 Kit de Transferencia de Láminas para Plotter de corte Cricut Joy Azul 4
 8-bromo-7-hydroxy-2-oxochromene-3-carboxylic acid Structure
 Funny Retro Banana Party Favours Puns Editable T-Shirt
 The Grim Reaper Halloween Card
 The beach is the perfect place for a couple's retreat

==

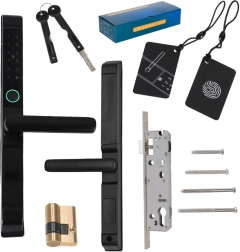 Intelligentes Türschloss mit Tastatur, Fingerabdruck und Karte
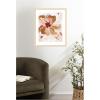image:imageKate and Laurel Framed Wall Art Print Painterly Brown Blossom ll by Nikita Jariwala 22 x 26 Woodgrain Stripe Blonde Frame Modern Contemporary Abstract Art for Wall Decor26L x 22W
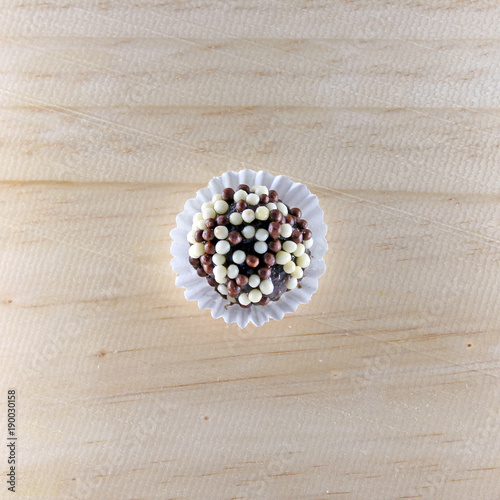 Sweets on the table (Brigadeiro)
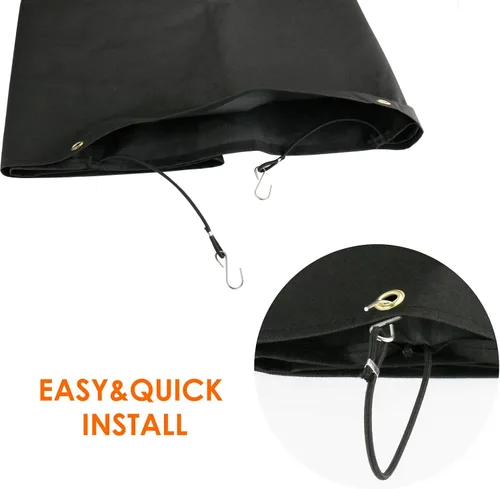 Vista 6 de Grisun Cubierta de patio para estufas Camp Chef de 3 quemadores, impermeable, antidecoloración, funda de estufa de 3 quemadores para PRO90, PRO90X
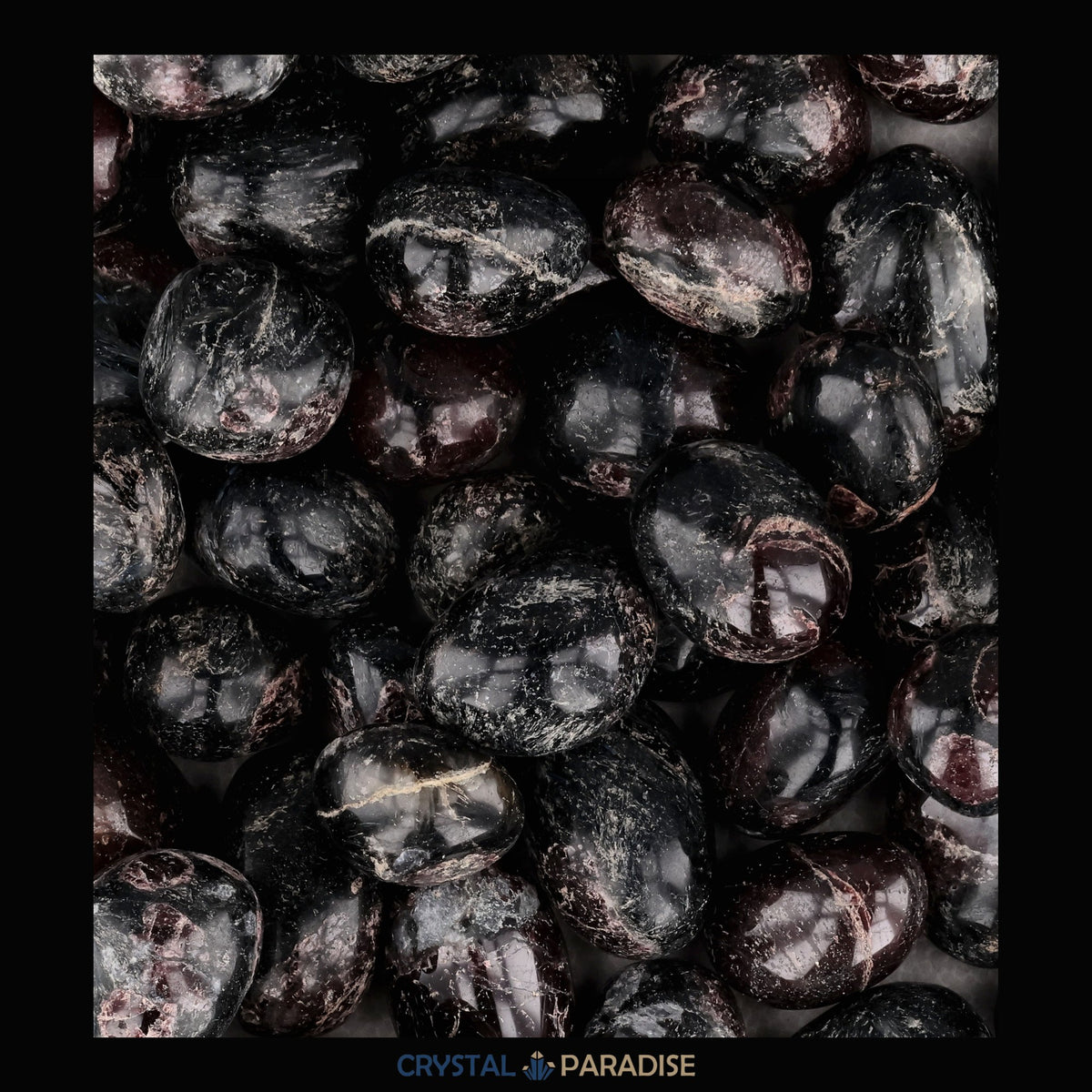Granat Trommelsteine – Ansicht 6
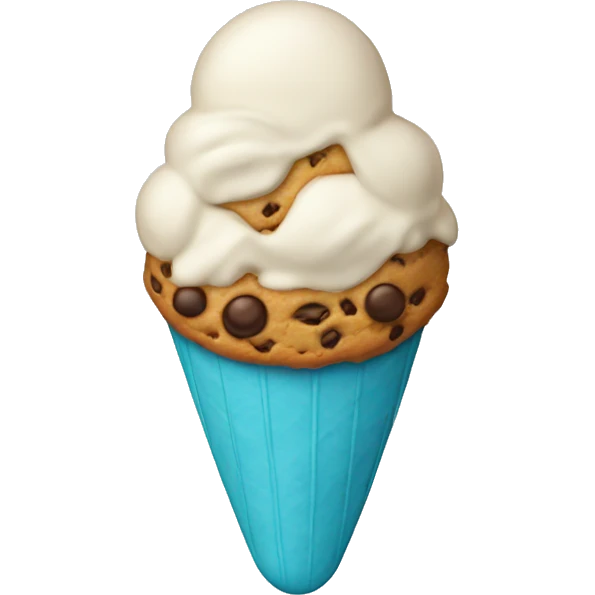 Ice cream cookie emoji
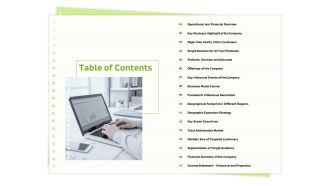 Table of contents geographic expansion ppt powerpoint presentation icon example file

- Task to complete -
Every line from the line containing "Kit de Transferencia" through the line containing "The beach is" in the records above must be retyped exactly. Leave out the rest.

- Result of the exercise -
 Kit de Transferencia de Láminas para Plotter de corte Cricut Joy Azul 4
 8-bromo-7-hydroxy-2-oxochromene-3-carboxylic acid Structure
 Funny Retro Banana Party Favours Puns Editable T-Shirt
 The Grim Reaper Halloween Card
 The beach is the perfect place for a couple's retreat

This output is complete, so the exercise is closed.